Task inputs:
____

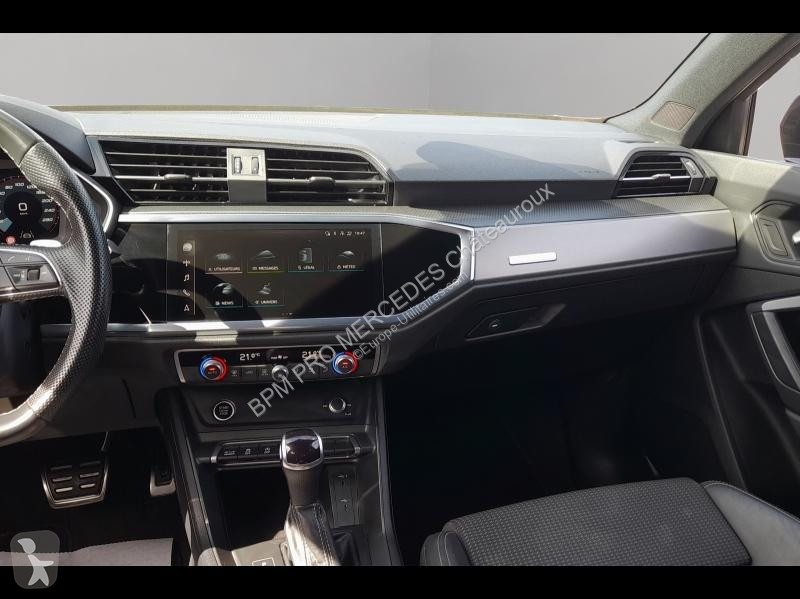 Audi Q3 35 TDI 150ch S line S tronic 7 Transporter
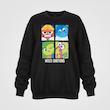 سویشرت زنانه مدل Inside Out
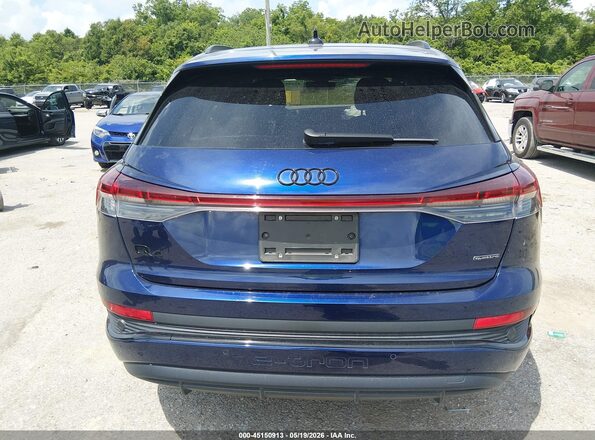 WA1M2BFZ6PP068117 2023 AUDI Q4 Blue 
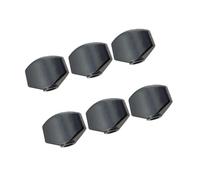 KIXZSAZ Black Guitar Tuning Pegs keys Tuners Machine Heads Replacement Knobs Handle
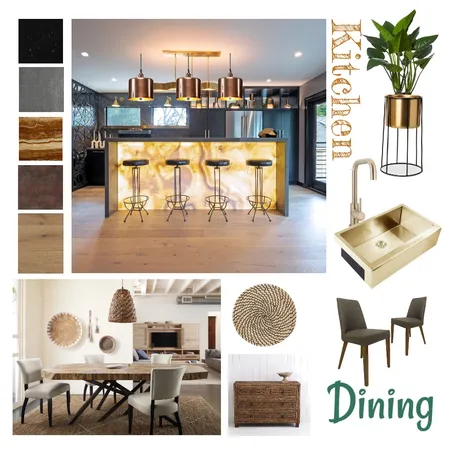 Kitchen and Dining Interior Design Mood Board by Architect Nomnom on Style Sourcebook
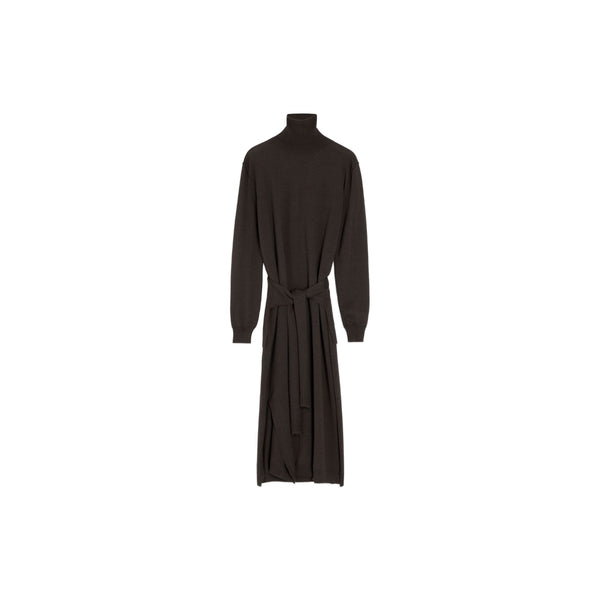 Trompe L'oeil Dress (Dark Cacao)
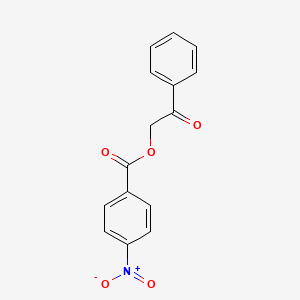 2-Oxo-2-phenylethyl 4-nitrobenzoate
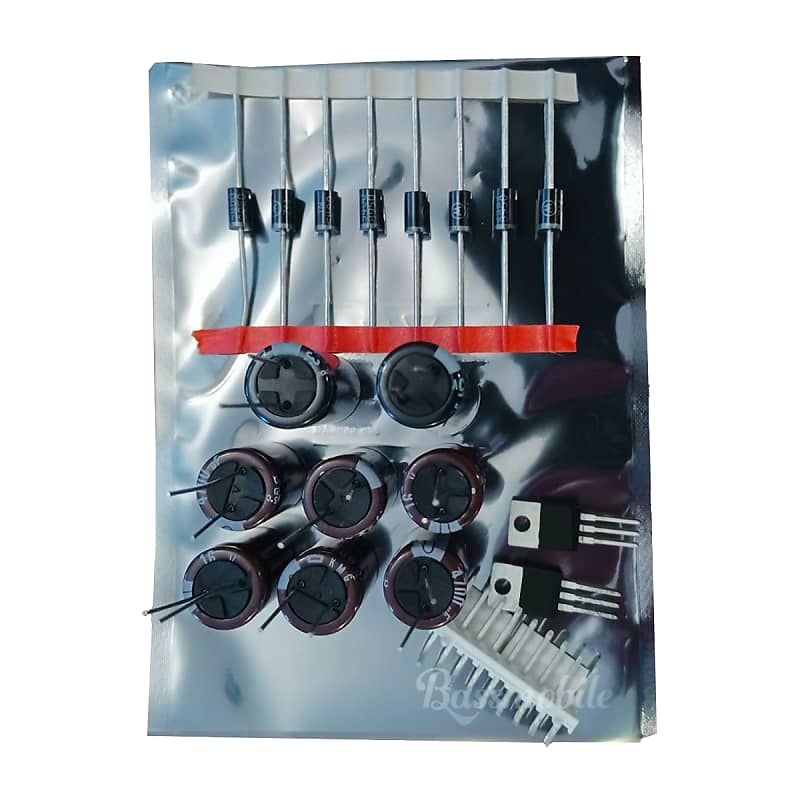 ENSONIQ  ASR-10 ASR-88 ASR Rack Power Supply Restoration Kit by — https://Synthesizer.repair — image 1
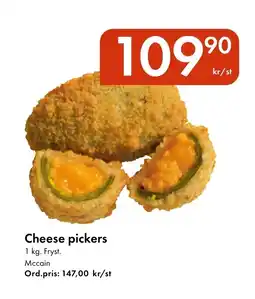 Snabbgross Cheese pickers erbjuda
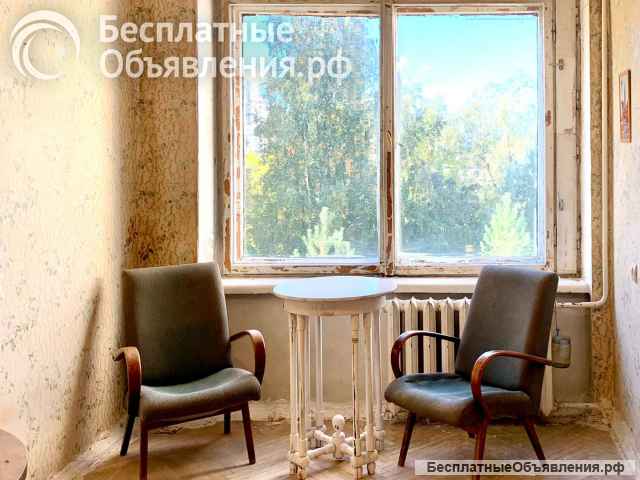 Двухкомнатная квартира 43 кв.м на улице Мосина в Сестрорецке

____

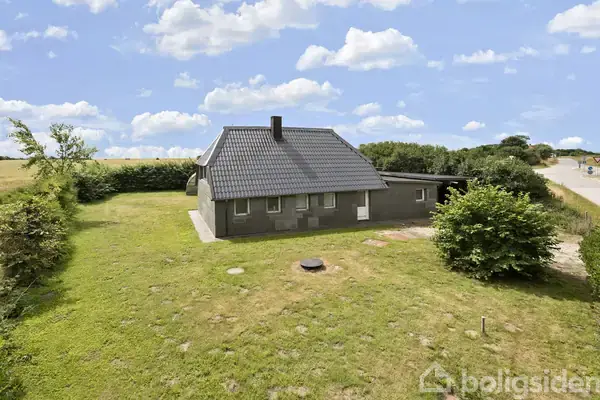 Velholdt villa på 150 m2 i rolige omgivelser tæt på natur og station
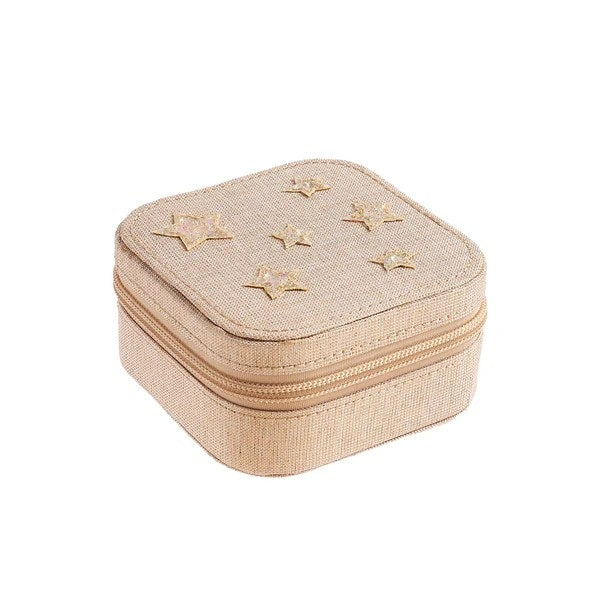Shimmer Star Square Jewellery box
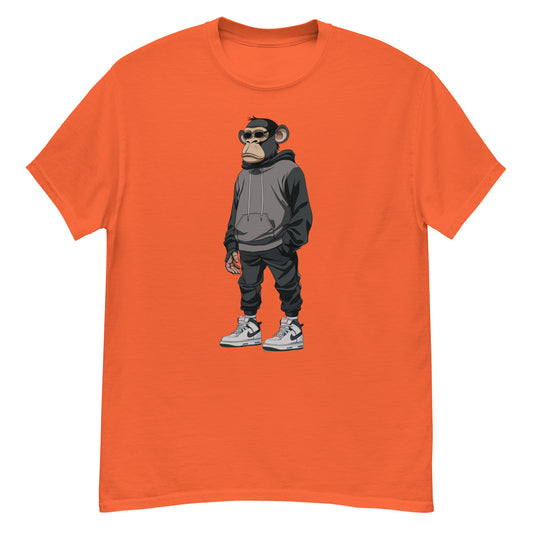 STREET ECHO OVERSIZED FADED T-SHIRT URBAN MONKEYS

____

What you have to do:
Print, word for word, the lines above that run from the line containing "Snabbgross Cheese pickers erbjuda" to the line containing "Двухкомнатная квартира 43", both included. Keep the pictures out.

Your solution:
 Snabbgross Cheese pickers erbjuda
 Двухкомнатная квартира 43 кв.м на улице Мосина в Сестрорецке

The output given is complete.